Two other new executives The Trillium spoke to over the weekend also signalled that they’d prefer a new leader elected sooner rather than later.

“I would love to see a leadership race that concludes in 2023,” Adam Reinhardt, the party’s new vice-president for the central east region, said. “I don’t know that we have time to wait until 2024. We need to be able to promote our leader and make them a household name, if they are not already.” 

“I have reasons for why I want to see it happen sooner rather than later, but I want to talk to my (fellow) executive council members first,” said David Morris, one of the party’s vice presidents for Toronto. He added that he hopes the executive council comes up with a timeline soon.

McGarry’s presidential election victory over Natalie Hart and Fadi El Masry was decided by a paper thin margin, Liberal party sources told The Trillium.

Hart placed a close second. El Masry was third. It was the first contested presidential election since 1999, McGarry said.

Some procedural drama pre-empted both the election and the weighted-one-member-one-vote decision, but ultimately both were followed through with smoothly.

About 1,500 party delegates — a mixture of MPPs, staff, volunteers and rank-and-file members — attended the Liberals’ annual general meeting, representing its best showing in decades.

Heading into the weekend, there was a widespread belief that the party’s get-together was the most important one it’s had this century.

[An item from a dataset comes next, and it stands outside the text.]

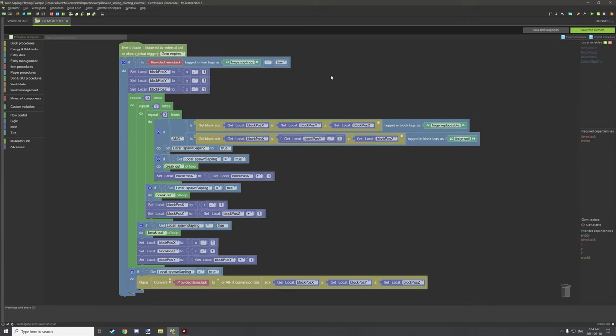That's all there is to creating a block that spawns as a block form when it despawns. If you have any questions, feel free to ask the community. If you're new to my channel, don't forget to subscribe, comment down below, rate the video, and I'll see you guys next time. Thanks for watching. Peace out.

The Liberals hold just eight seats at Queen’s Park, despite securing more votes than the 30-seat NDP in last spring’s election, putting them short of official party status at the legislature, and cutting them off from significant funding. 

In general, there was a sense of the party’s rejuvenation among attendees of the Liberals’ weekend meeting, albeit one that’s couched with a cautious awareness of the importance of the party’s forthcoming leadership race.

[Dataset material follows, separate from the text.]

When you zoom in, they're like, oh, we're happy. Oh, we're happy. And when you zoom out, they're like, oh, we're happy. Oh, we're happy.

Everyone already campaigning — in the unofficial sense, prior to the race’s launch — for leadership was at the annual general meeting. Each of the three all-but-set potential candidates, MPs Erskine-Smith and Naqvi and MPP Ted Hsu, hosted hospitality suites over the weekend to mix and mingle with potential supporters.

Bonnie Crombie, Mississauga’s current mayor and a former Liberal MP, also attended; her name has been bandied about as well.

Rookie MPPs Adil Shamji and Stephanie Bowman also seemed to be laying the groundwork for potential bids; Bowman hosted a hospitality suite and Shamji handed out business cards directing Liberals to a new website, joinadil.ca.